That's a remarkable change from what has been occurring in the United States for nearly two decades. Total GHG emissions grew at an average annual rate of 0.7 percent every year since 1990. That is until 2008 came along.
The decrease in total emissions was largely the result of a drop in carbon dioxide emissions, the report said. And the cause was three-fold: higher energy prices, which led to drop in petroleum use; lower demand for electricity; and finally, an economy that contracted in three of four quarters in 2008 and caused demand to fall in nearly every area except the commercial sector.
Emissions of energy-related carbon dioxide fell by 2.9 percent in 2008. Again, a reversal from previous years when C02 emissions used to rise an average 1 percent a year between 1990 and 2007. Isolate the oil-related emissions -- which fell 5.9 percent -- and the story becomes clearer.
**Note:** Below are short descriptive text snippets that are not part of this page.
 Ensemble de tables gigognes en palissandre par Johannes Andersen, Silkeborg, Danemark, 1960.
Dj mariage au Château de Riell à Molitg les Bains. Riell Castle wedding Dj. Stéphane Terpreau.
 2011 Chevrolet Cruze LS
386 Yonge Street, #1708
Energy-related C02 emissions make up 81 percent of total U.S. greenhouse gas emissions with petroleum taking the biggest piece of the emissions pie. Petroleum contributes 42 percent and coal is the second-largest fossil fuel contributor at 37 percent.
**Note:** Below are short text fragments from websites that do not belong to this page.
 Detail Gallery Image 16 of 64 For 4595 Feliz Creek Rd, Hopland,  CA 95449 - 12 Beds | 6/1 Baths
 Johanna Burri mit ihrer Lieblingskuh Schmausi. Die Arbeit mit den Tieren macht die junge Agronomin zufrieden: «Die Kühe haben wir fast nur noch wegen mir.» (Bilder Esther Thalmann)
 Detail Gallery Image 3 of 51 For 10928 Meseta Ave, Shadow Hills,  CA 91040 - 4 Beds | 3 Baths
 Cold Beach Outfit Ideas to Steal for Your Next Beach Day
Recessions do more than simply lower demand and use of petroleum, coal and natural gas -- all of which curbed emissions in 2008. It can also curb advancements in emissions-cutting technology.
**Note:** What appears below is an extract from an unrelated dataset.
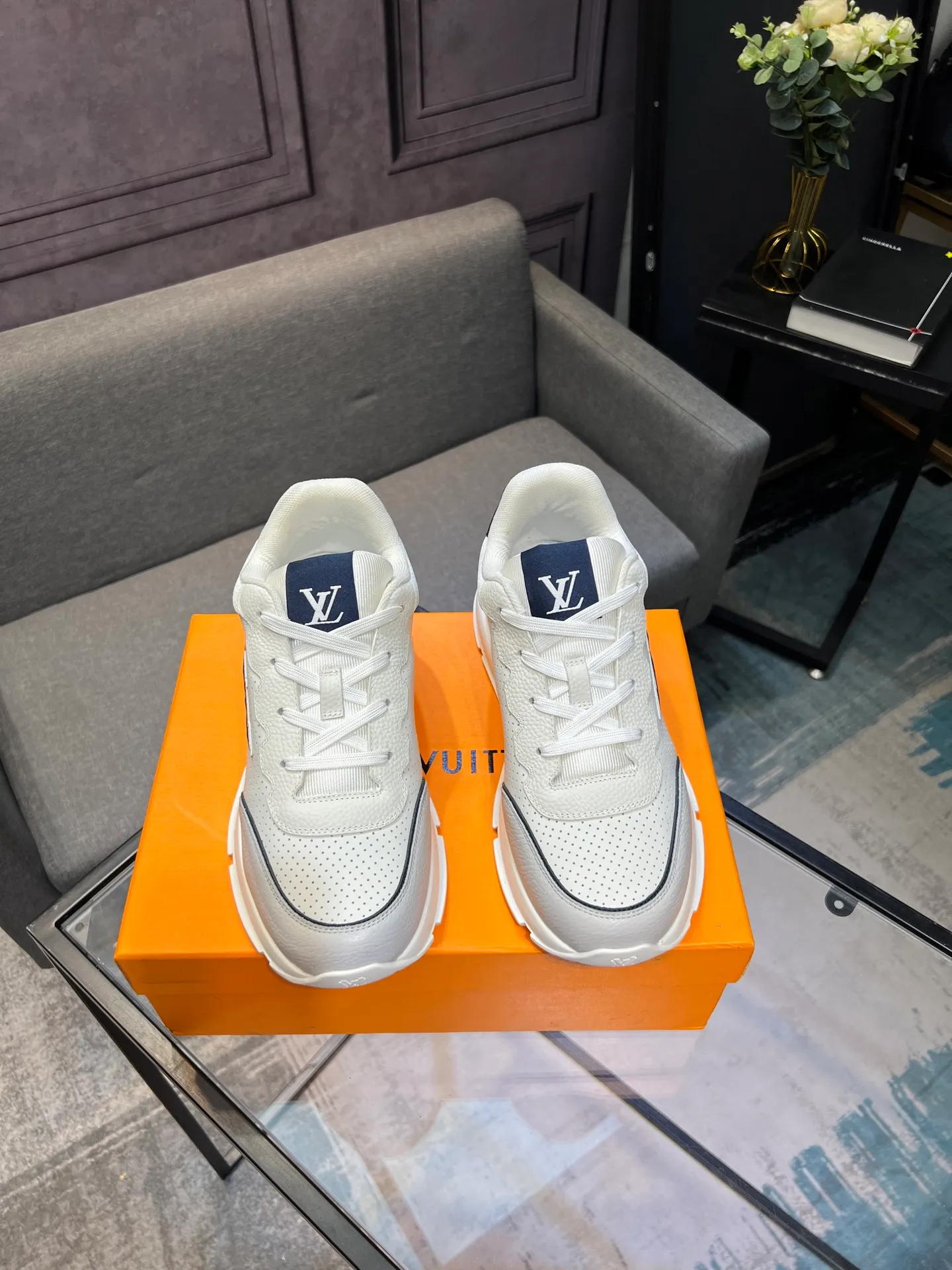 Men's shoes 💰640 LV | Louis Vuitton 2025𝐬𝐬 New spring and summer styles for couples, men's styles come out first. The counter features the latest casual shoes. Hard goods are new🆕 ❥Purchase level! Full of high-end feel! A popular model among bloggers at home and abroad, it’s retro and fashionable and looks amazing on your feet! Wear a lot of happiness! Mainly recommended model on the official website★ ▪️Upper: Original custom-made imported calfskin fabric ▪️Inner lining: breathable gauze imported from Italy ▪️Outsole: rubber foam ➕tpu high-end outsole ▪️Shoe size: 36-44 (customized for 45 and 46)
The Environmental Protection Agency reported earlier this week an increase in fuel efficiency -- and a decrease in C02 emissions in new cars and light trucks -- for the fifth consecutive year. But progress slowed considerably during the recession, cleantech blogger John Addision noted. the average fuel economy value was 21 miles per gallon in 2001 and EPA projects a small improvement this year to 21.1 mpg.